Wenn wir über das Mittelmeer reden, dann meist im Zusammenhang mit sommerlichen Postkartenträumen. Seit Jahrzehnten zieht es Heerscharen nordeuropäischer Urlauber an südliche Küsten, in denen aber nur wenige etwas anderes sehen als Garanten für Sonne, ein bisschen Dolce Vita, ein wenig mediterrane Küche.

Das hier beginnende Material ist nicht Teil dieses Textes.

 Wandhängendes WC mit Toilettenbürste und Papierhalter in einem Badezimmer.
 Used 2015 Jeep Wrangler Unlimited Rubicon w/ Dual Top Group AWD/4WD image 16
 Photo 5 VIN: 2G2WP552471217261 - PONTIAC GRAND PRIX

Daran haben weder die vom früheren französischen Präsidenten Sarkozy ausgerufene Mittelmeerunion noch der zuvor lancierte Barcelona-Prozess etwas geändert, beides Initiativen, denen der Gedanke einer politisch-ökonomischen Zusammenarbeit zwischen den Anrainerstaaten des Meeres zugrunde liegt. Unser Verhältnis zum Mittelmeer ist paradox: Es bleibt ein Ziel kollektiver Sehnsüchte. Als gemeinschaftlicher politischer Raum vermag es aber kaum jemanden zu inspirieren.

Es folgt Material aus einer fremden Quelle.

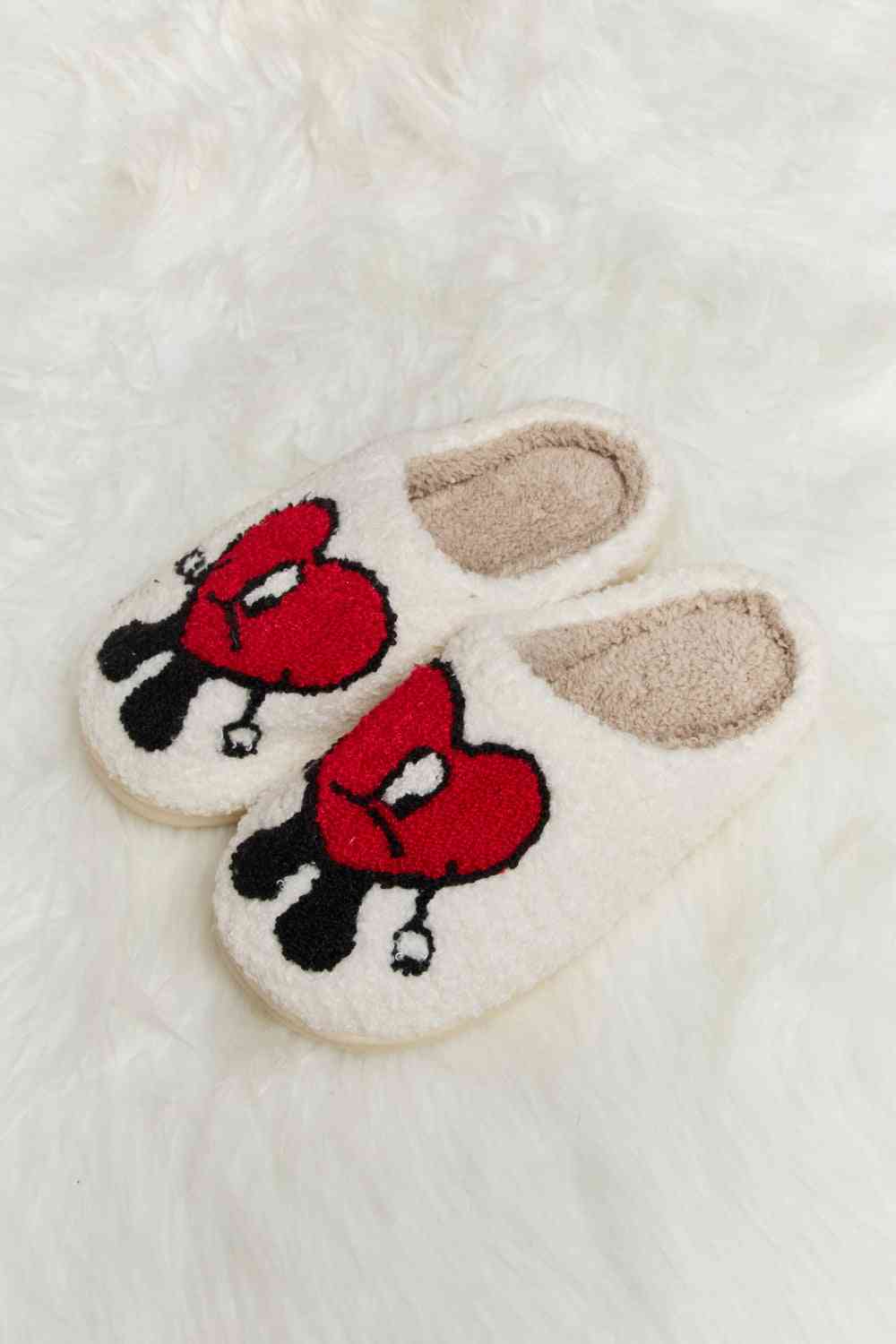 Pantuflas de felpa con estampado de corazones Melody Love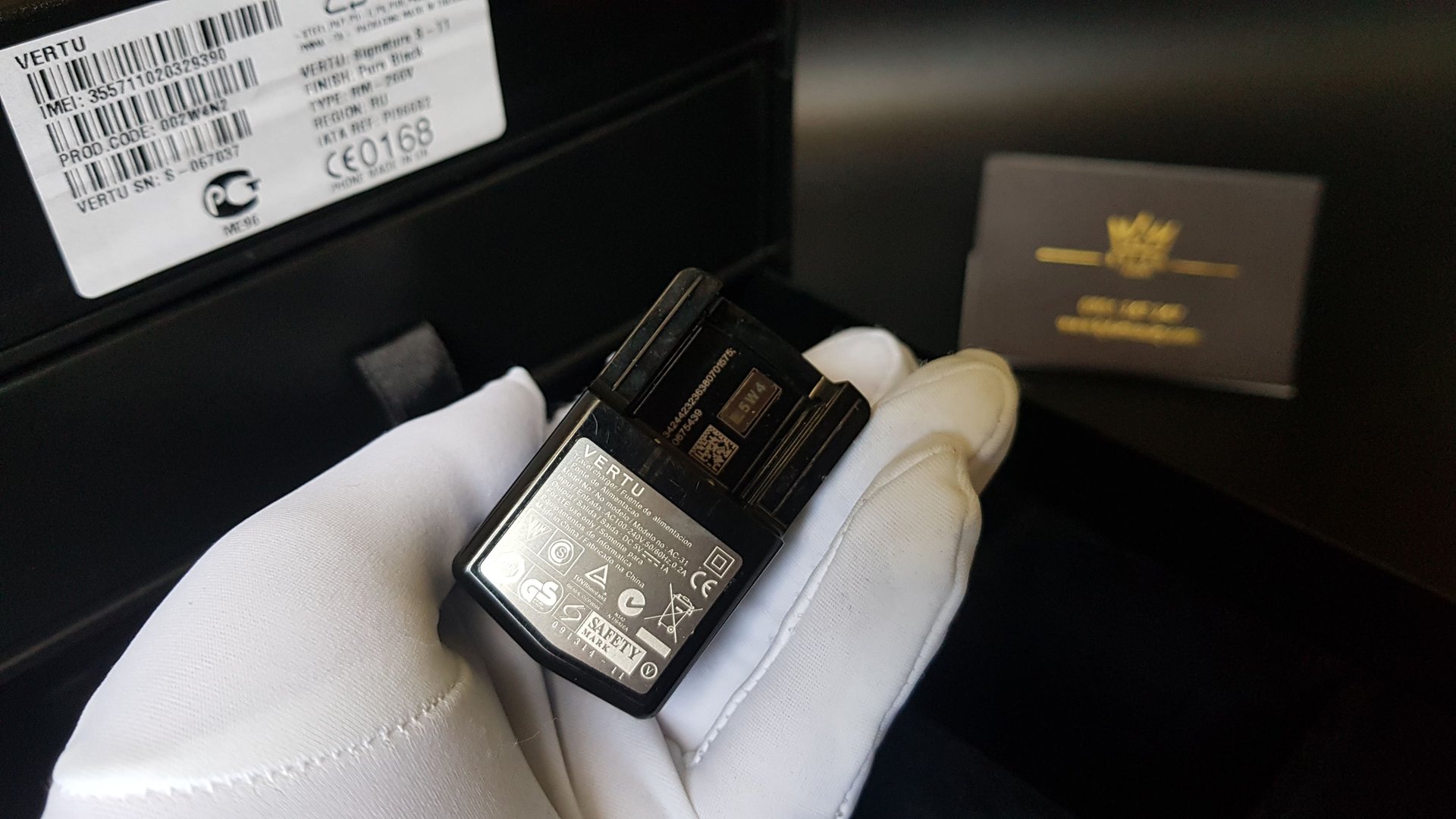 Kỳ Lân Luxury vertu signature s black pure fullbox 12 Vertu Signature S Black Pure fullbox nguyên hộp sách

Warum das so ist, lässt sich nach der Lektüre des sehr umfangreichen, immens spannenden Buches über das Mittelmeer, das der englische Historiker David Abulafia geschrieben hat, noch viel weniger verstehen. In „Das Mittelmeer. Eine Biographie“ (im Original präziser: „The Great Sea. A Human History of the Mediterranean“) legt sich Abulafia mit den Großen seines Faches an. Sein Werk umfasst etwa einen weitaus größeren Zeitrahmen als Fernand Braudels Ende der vierziger Jahre erschienene Studie, die sich auf die Epoche Philipps II. beschränkte. Gleiches gilt für das von Peregrine Horden und Nicholas Purcell 2000 vorgelegte Werk („The Corrupting Sea. A Study of Mediterranean History“), das sich vor allem der Zeit bis zum frühen Mittelalter widmete.

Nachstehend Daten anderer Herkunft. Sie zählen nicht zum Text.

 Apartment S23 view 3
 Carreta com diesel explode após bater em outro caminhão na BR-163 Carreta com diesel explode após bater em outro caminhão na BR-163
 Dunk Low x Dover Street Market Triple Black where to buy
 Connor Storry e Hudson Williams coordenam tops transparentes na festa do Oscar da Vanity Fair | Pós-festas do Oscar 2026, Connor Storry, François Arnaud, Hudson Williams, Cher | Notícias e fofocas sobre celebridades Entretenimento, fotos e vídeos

Beobachterposten auf dem Schiff
Der Autor beginnt seine Untersuchung in dem Moment, da die ersten Menschen die Ufer des Mittelmeeres betreten, etwa 22 000 vor Christus, und durchstreift den Mittelmeerraum bis hin zur Gegenwart: achthundert Seiten Kultur- und Zivilisationsgeschichte, die alles haben, was ein künftiges Standardwerk braucht.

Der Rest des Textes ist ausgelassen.